Let’s not pretend this is a fluke. The headlines are screaming about the AI spending spiral, with the “Big Four” hyperscalers lighting $650 billion on fire in pursuit of machine learning glory. Investors, meanwhile, are quietly rotating out of software and into old-economy stocks, think industrials, energy, and even the battered consumer names. The result? The S&P 500 Equal Weight Index is breaking out while the market’s poster children for innovation are stuck in the mud. According to Michael Reinking of the NYSE, this split is “interesting.” That’s polite. What’s really happening is a regime change, and the algos are struggling to keep up.

The facts are hard to ignore. The Dow just crossed 50,000 for the first time, a milestone that would have seemed laughable a year ago. Meanwhile, the XLK, which tracks the tech sector, is stuck at $141.06, refusing to budge. The rotation is picking up steam as Wall Street digests the reality that AI’s promise comes with a price tag, and that price tag is finally starting to matter. Investors are asking uncomfortable questions about margins, capital expenditure, and whether the next dollar is better spent on a steel mill than a server farm.

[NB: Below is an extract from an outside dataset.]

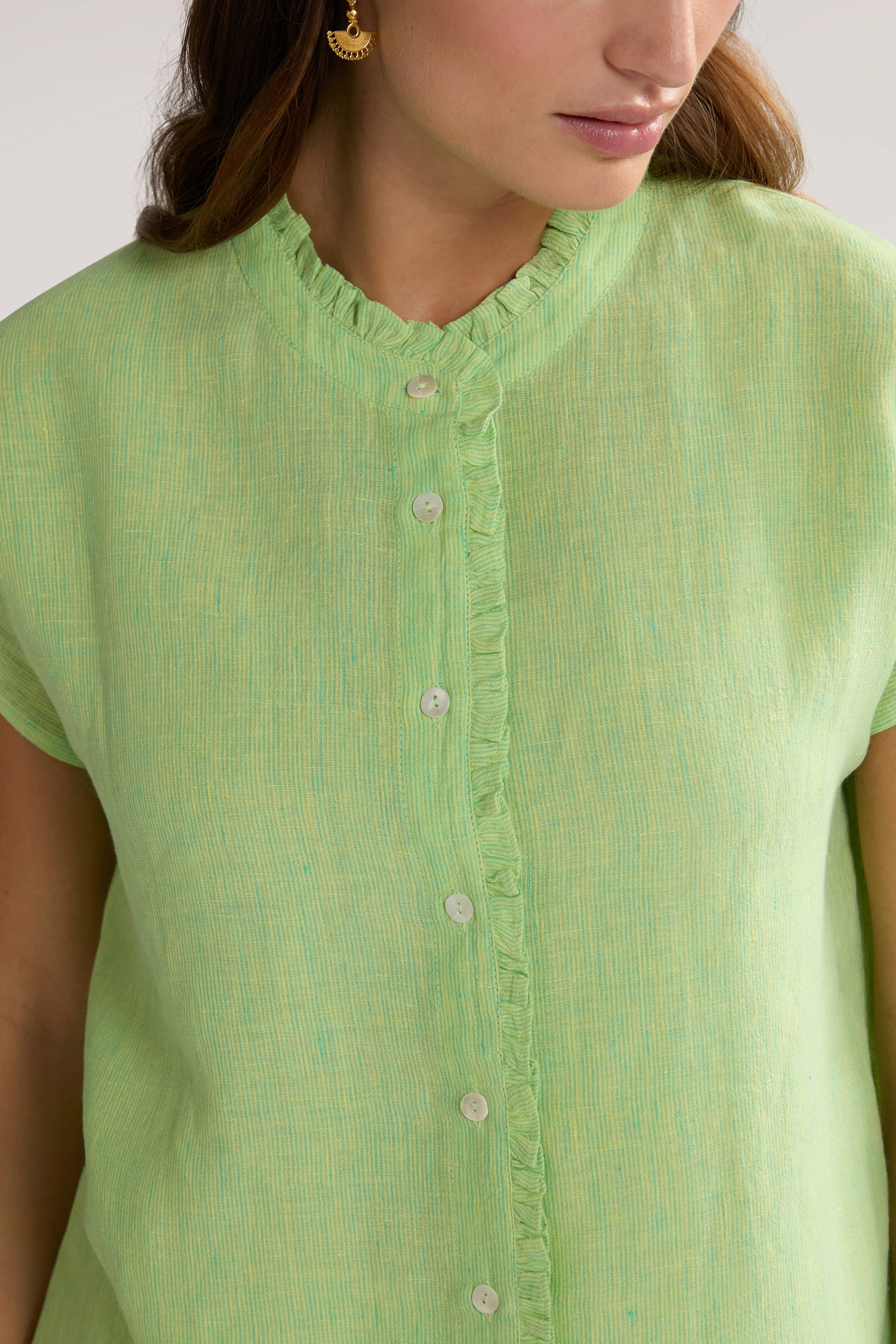 A person wearing a Linen Ticking Stripe Ruffle Front Shirt in light green with a ruffled collar detail is partially visible, showing only the upper torso and part of the face. They have long, brown hair and are wearing an earring.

The macro backdrop is adding fuel to the fire. Tariffs are starting to bite, with the full effects set to show up in the January CPI report. Inflation is stubborn, and the Fed is still talking tough. Outgoing Atlanta Fed President Raphael Bostic is on record saying it’s “paramount” to get inflation back to 2%. Translation: don’t expect a dovish pivot just because tech stocks are having a tantrum. Meanwhile, the “K-shaped” economy is becoming more pronounced, with the gap between winners and losers widening by the week.

Cross-asset flows tell the story. Commodities ETFs like DBC are holding steady at $24.01, refusing to roll over despite the macro risks. That’s a signal that investors are hedging their bets, loading up on real assets as a counterweight to the froth in tech. The S&P 500 Equal Weight Index, often dismissed as a sideshow, is suddenly the main event. Historical comparisons are instructive. The last time we saw this kind of rotation was in the aftermath of the dot-com bust, when the market realized that profits actually matter. The difference this time is that the rotation is happening in slow motion, with the big tech names still commanding massive weight in the cap-weighted indices.

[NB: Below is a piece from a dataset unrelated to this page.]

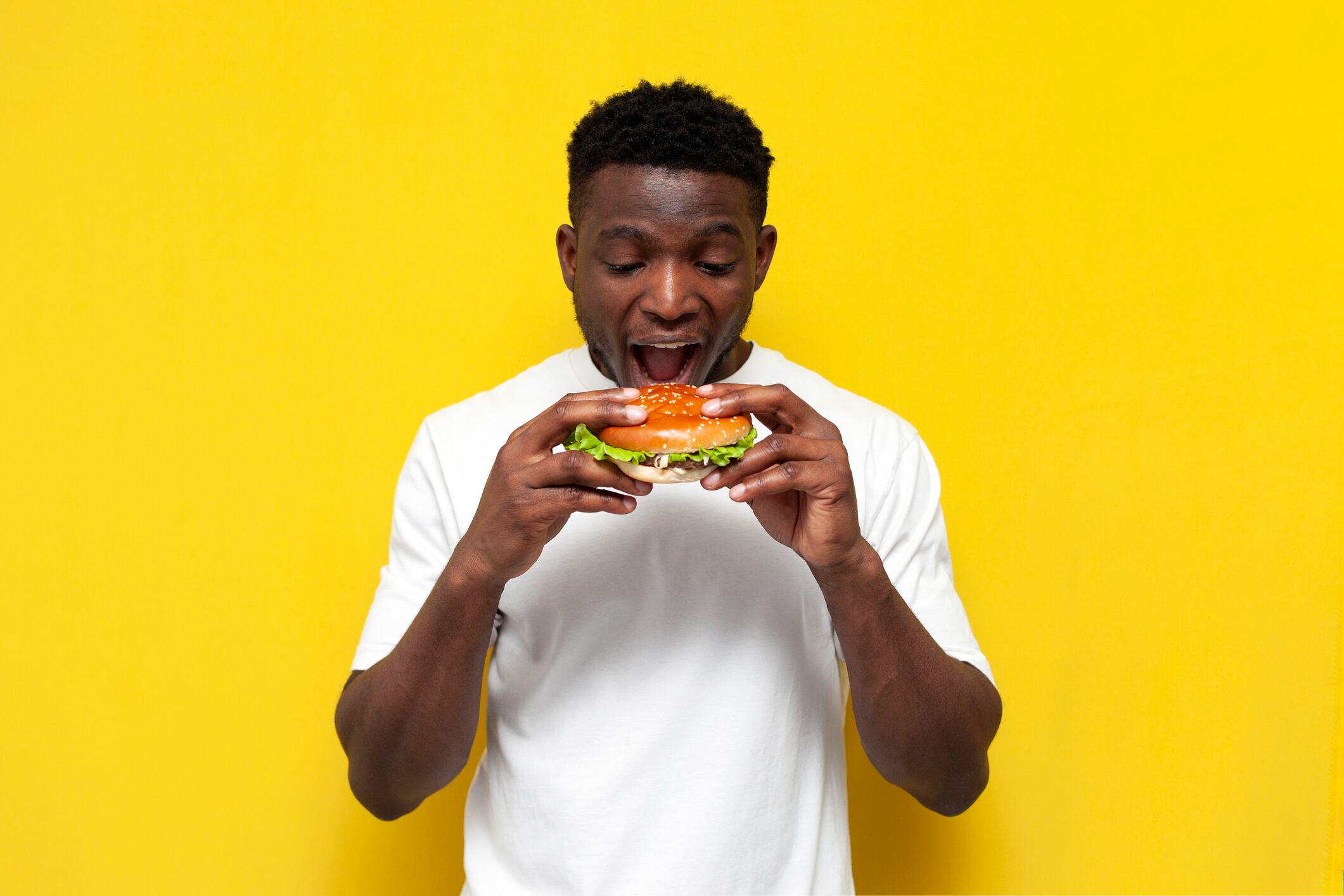 african american man in white t-shirt holding big burger and biting it, the guy eats fast food with his mouth open on yellow isolated background, the concept of unhealthy food and nutrition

The analysis is straightforward: the market is re-rating risk. AI is no longer a free lunch, and the companies that spent like drunken sailors in 2025 are being forced to justify every dollar. Investors are voting with their feet, moving capital into sectors with real earnings, real cash flow, and real pricing power. Industrials, energy, and financials are back in vogue, while software and AI-exposed stocks are facing a reckoning. The S&P 500 Equal Weight Index is the canary in the coal mine, signaling that the era of tech dominance may be ending, or at least taking a breather.

Strykr Watch

Technical levels are telling. The XLK is stuck at $141.06, unable to break higher despite multiple attempts. The S&P 500 Equal Weight Index, on the other hand, is in uncharted territory, with no obvious resistance above. Support for XLK sits at $138, with a break below likely to trigger further selling. The Dow’s move above 50,000 is more than just a psychological milestone, it’s a sign that the old-economy trade has legs. Watch for confirmation from volume and breadth indicators. If the rotation continues, expect to see more money flowing into sectors that have been ignored for years.

The risks are real. If the Fed surprises with a hawkish stance, all bets are off. A spike in inflation or a disappointing CPI print could trigger a broad selloff, dragging down both tech and old-economy stocks. The rotation could reverse just as quickly as it started if investors decide that AI is still the only game in town. But for now, the momentum is clear: the market is rewarding companies with tangible assets and punishing those with nothing but promises.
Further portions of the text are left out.